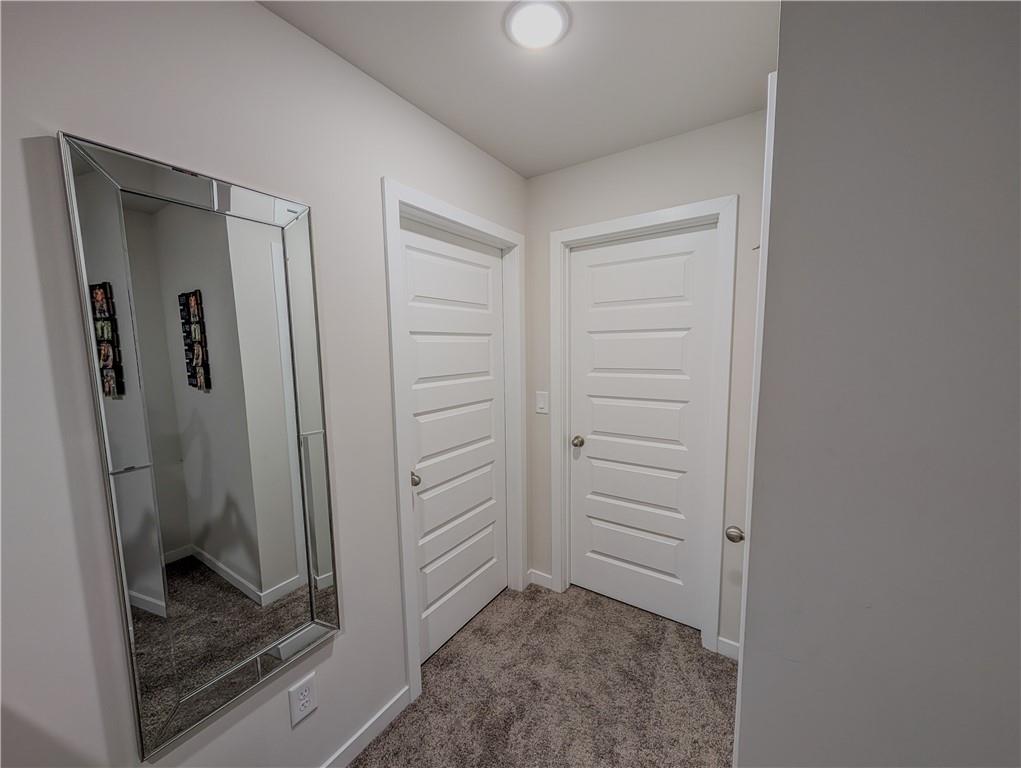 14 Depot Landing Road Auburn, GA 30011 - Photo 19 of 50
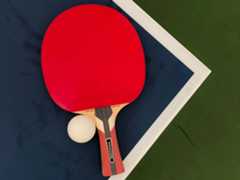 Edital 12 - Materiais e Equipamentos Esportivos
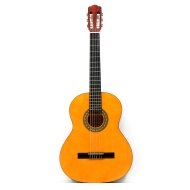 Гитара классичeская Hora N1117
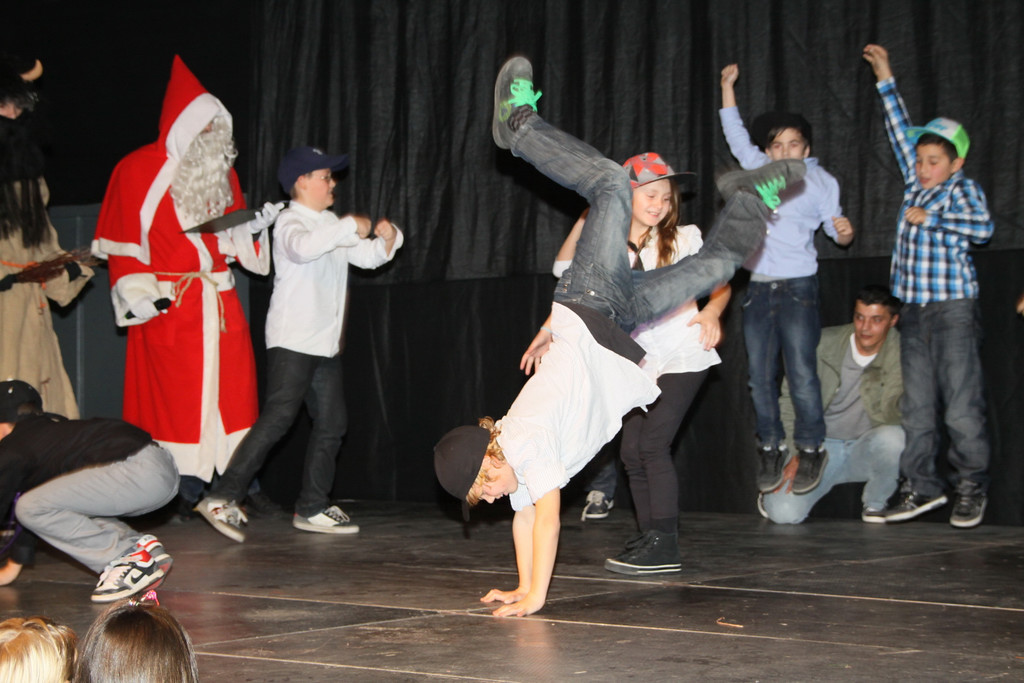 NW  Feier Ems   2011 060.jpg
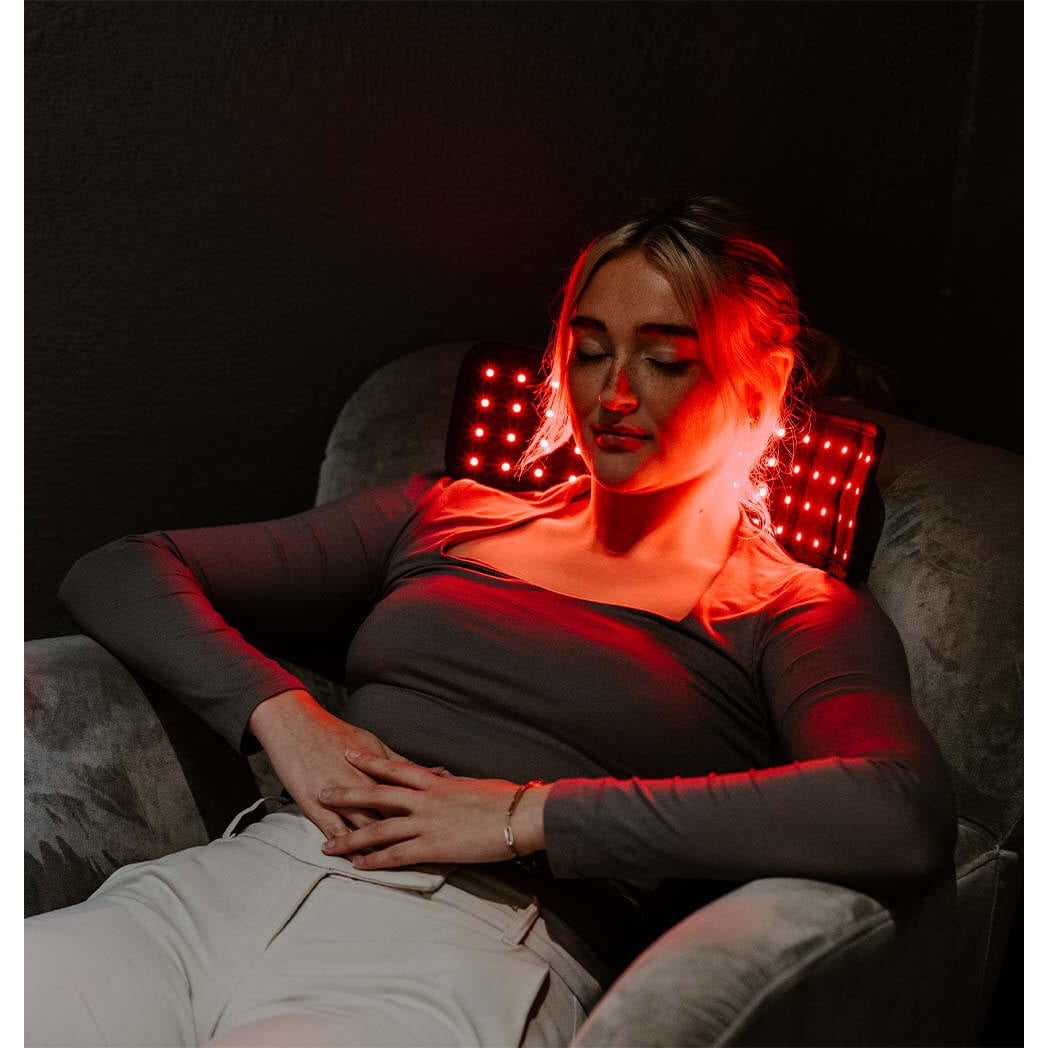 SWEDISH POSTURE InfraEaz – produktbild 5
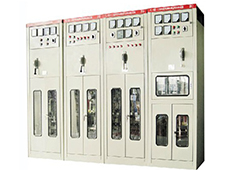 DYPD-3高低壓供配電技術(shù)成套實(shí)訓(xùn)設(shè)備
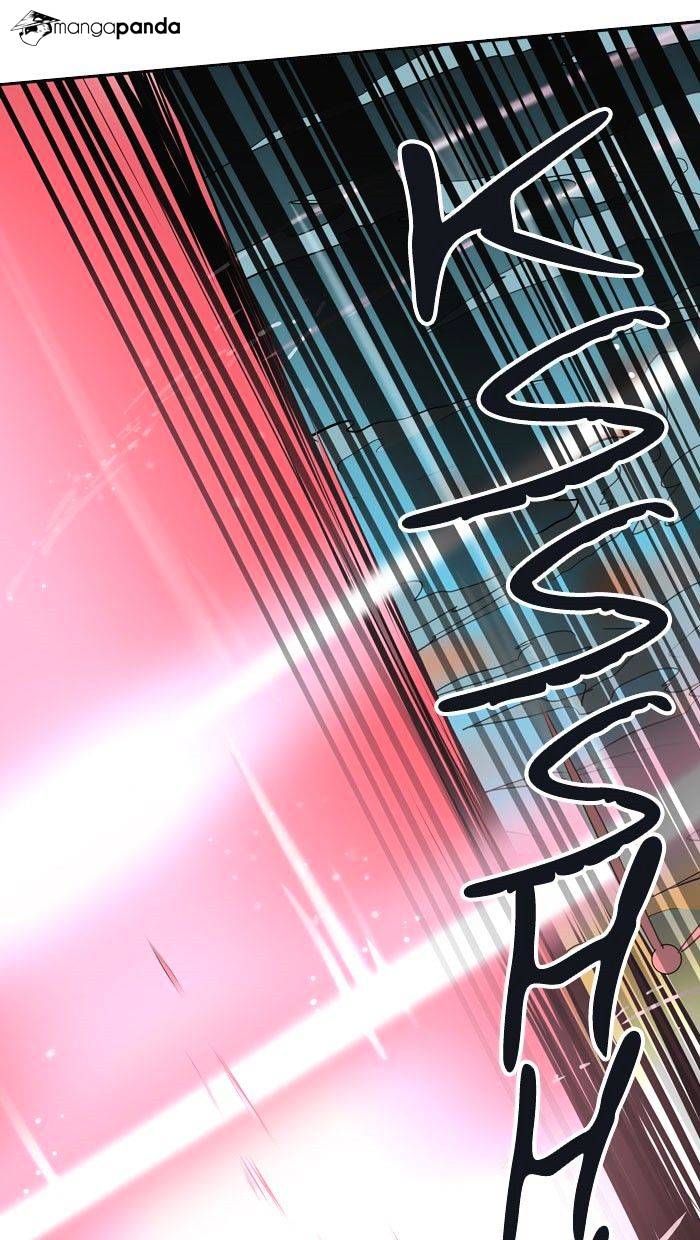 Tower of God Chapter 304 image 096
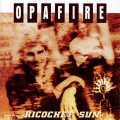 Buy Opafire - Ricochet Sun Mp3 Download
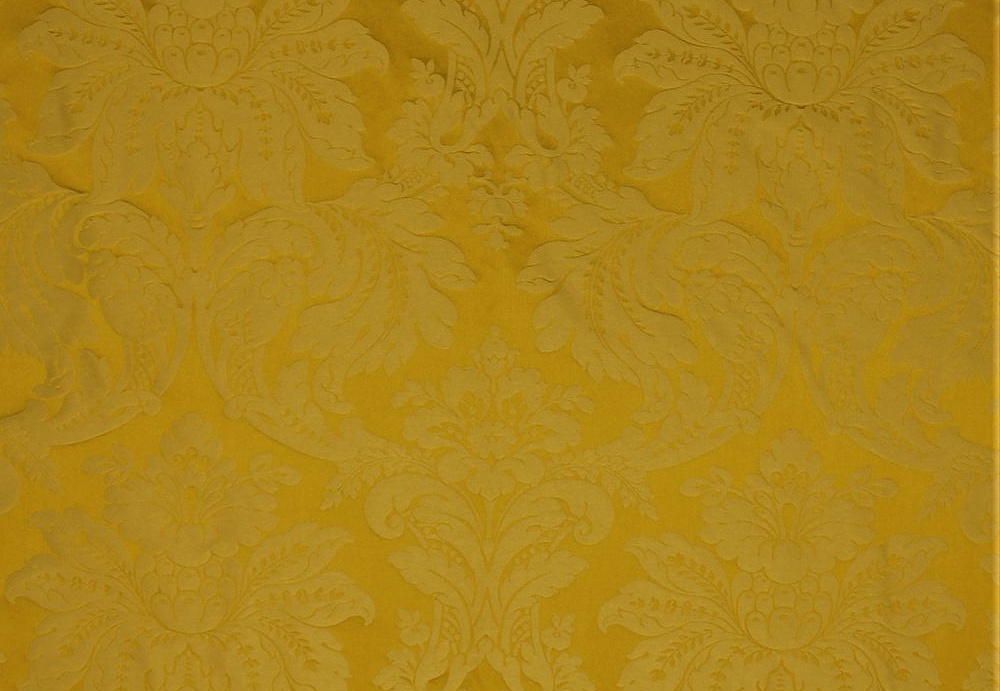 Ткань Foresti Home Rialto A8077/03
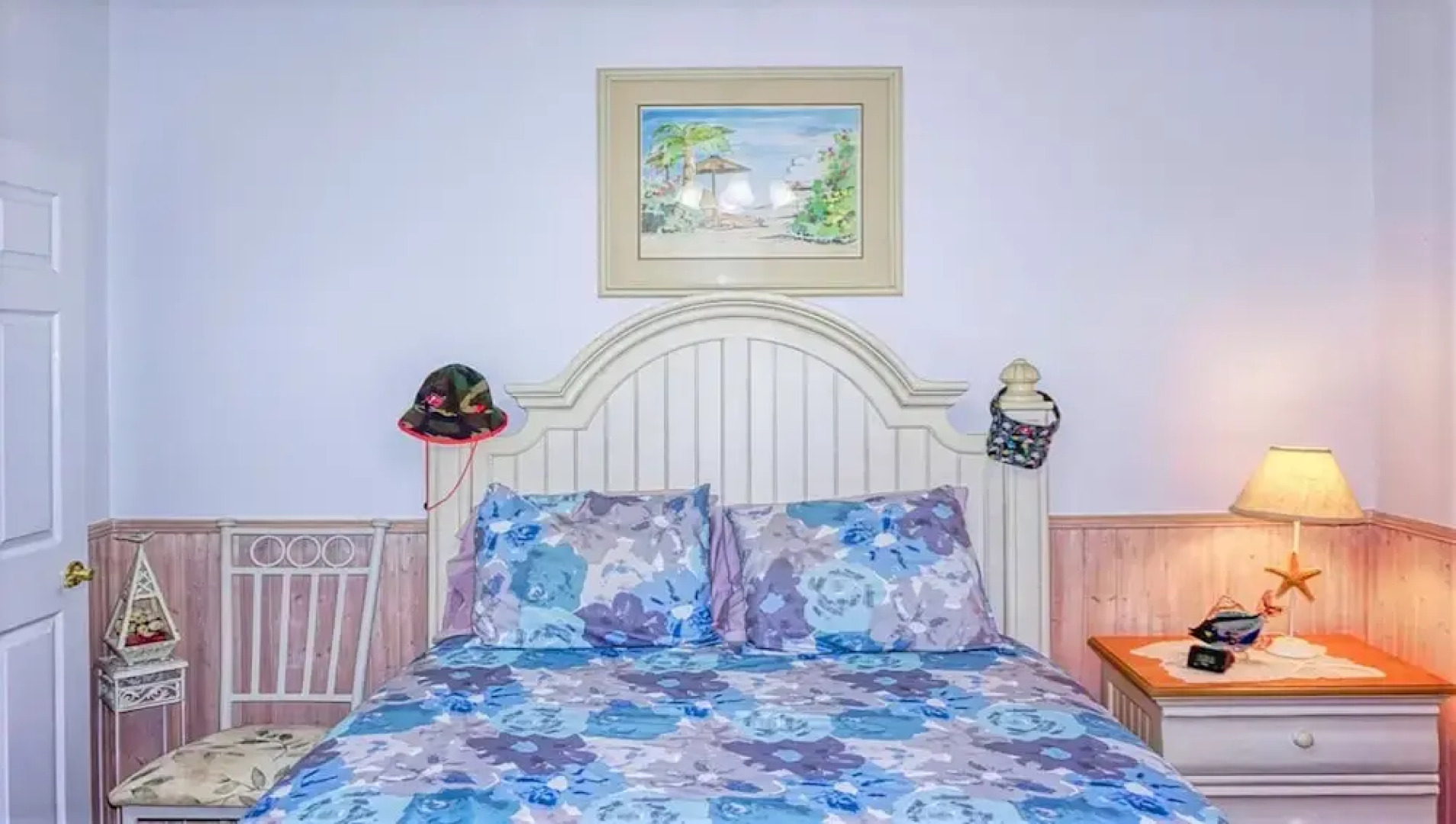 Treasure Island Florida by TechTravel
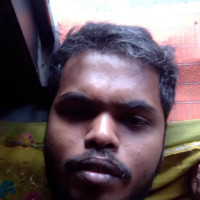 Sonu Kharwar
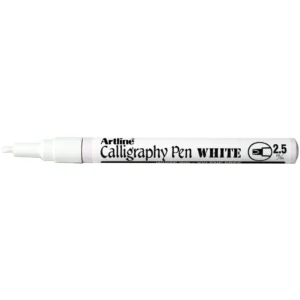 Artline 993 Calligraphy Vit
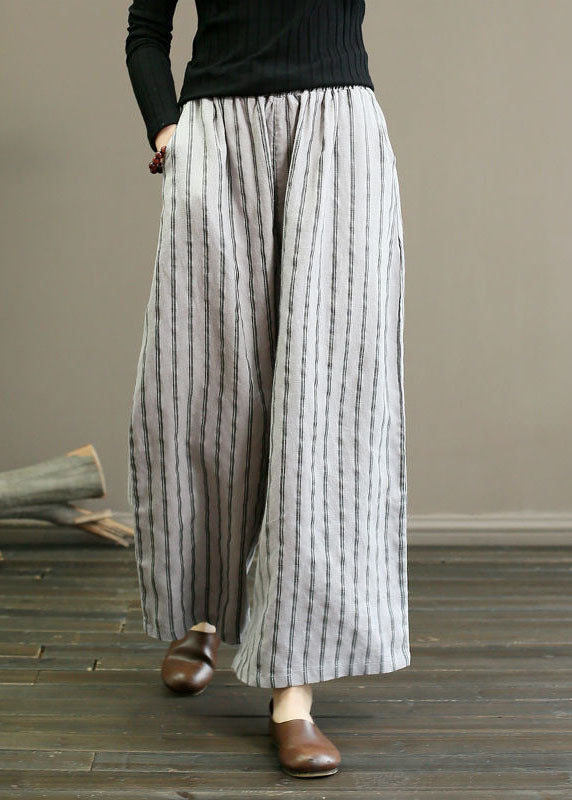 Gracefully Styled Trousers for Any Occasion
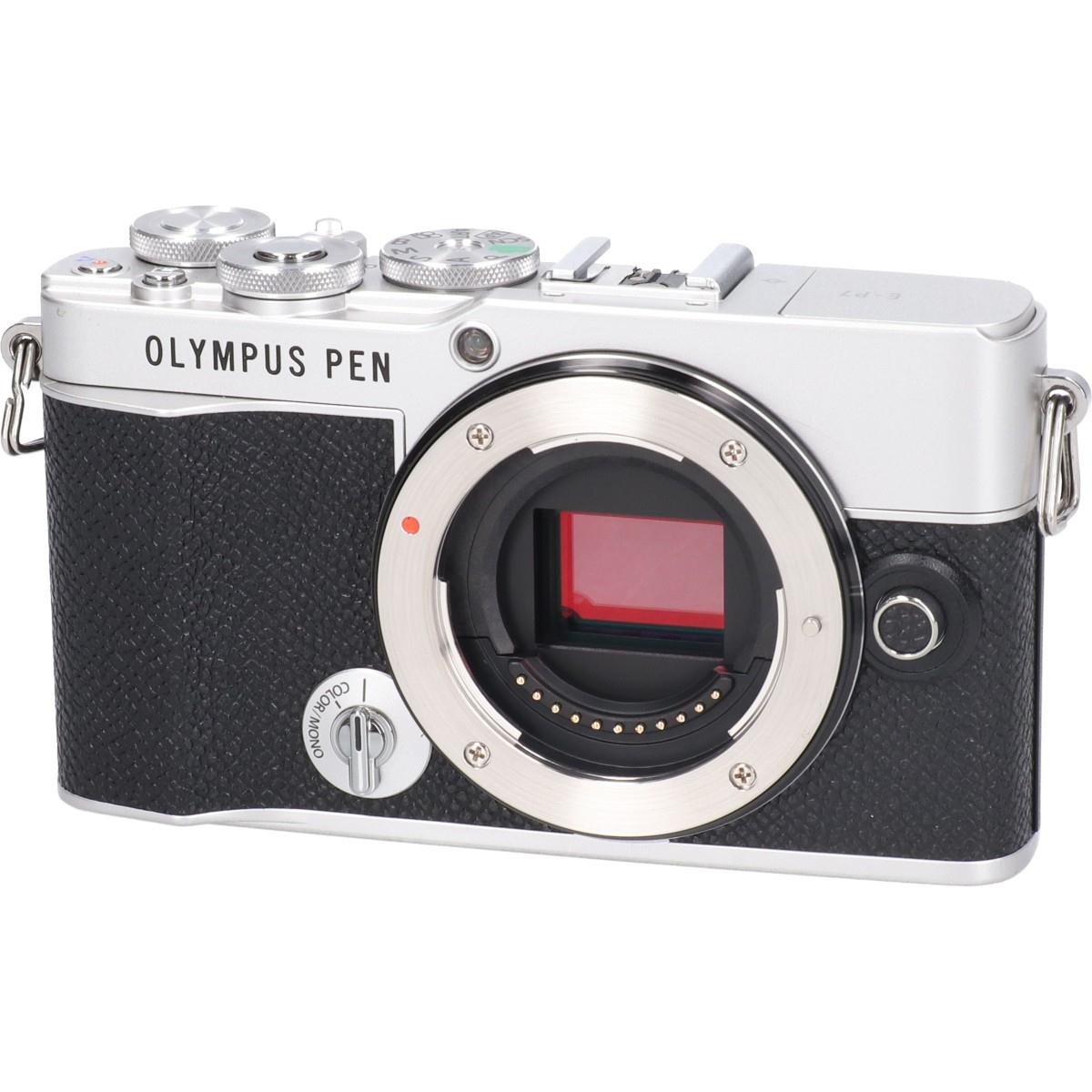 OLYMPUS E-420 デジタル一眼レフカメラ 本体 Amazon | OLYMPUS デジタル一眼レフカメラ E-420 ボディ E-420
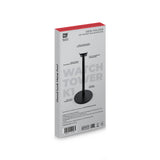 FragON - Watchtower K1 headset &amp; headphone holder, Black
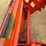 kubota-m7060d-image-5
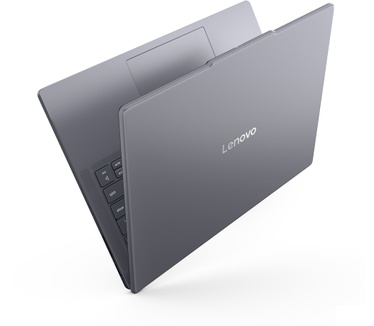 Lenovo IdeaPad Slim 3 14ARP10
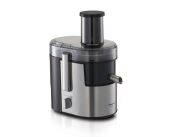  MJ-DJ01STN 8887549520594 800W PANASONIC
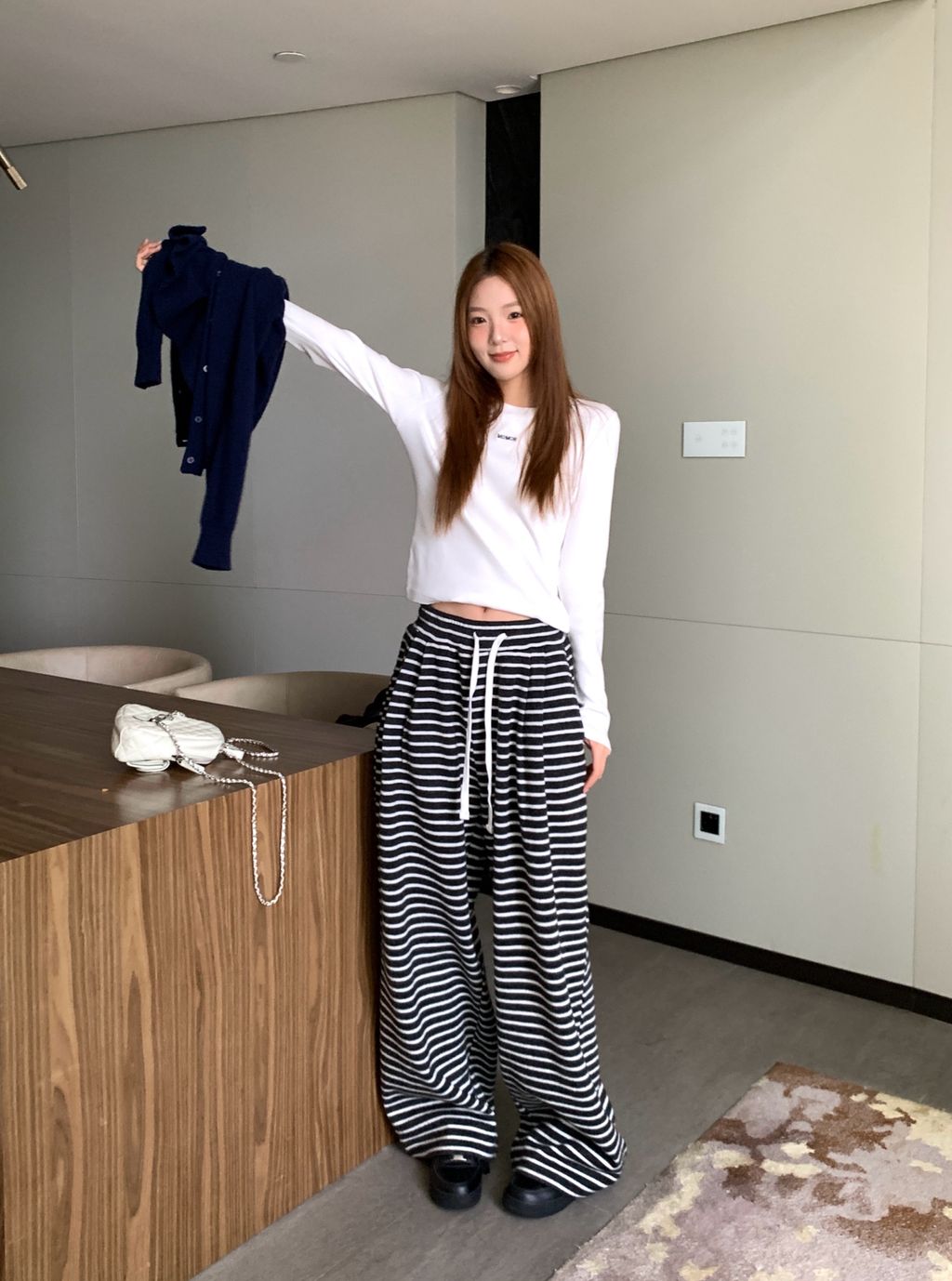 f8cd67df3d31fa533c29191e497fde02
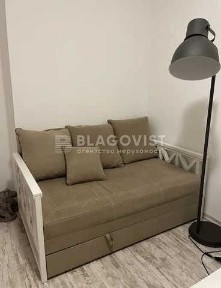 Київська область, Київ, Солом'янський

· · · ·

Required action:
In the copy, no picture may appear; the records themselves must be output exactly.

Task solution:
 14 Depot Landing Road Auburn, GA 30011 - Photo 19 of 50
 Edital 12 - Materiais e Equipamentos Esportivos
 Гитара классичeская Hora N1117
 NW  Feier Ems   2011 060.jpg
 SWEDISH POSTURE InfraEaz – produktbild 5
 DYPD-3高低壓供配電技術(shù)成套實(shí)訓(xùn)設(shè)備
 Tower of God Chapter 304 image 096
 Buy Opafire - Ricochet Sun Mp3 Download
 Ткань Foresti Home Rialto A8077/03
 Treasure Island Florida by TechTravel
 Sonu Kharwar
 Artline 993 Calligraphy Vit
 Gracefully Styled Trousers for Any Occasion
 OLYMPUS E-420 デジタル一眼レフカメラ 本体 Amazon | OLYMPUS デジタル一眼レフカメラ E-420 ボディ E-420
 FragON - Watchtower K1 headset &amp; headphone holder, Black
 kubota-m7060d-image-5
 Lenovo IdeaPad Slim 3 14ARP10
  MJ-DJ01STN 8887549520594 800W PANASONIC
 f8cd67df3d31fa533c29191e497fde02
 Київська область, Київ, Солом'янський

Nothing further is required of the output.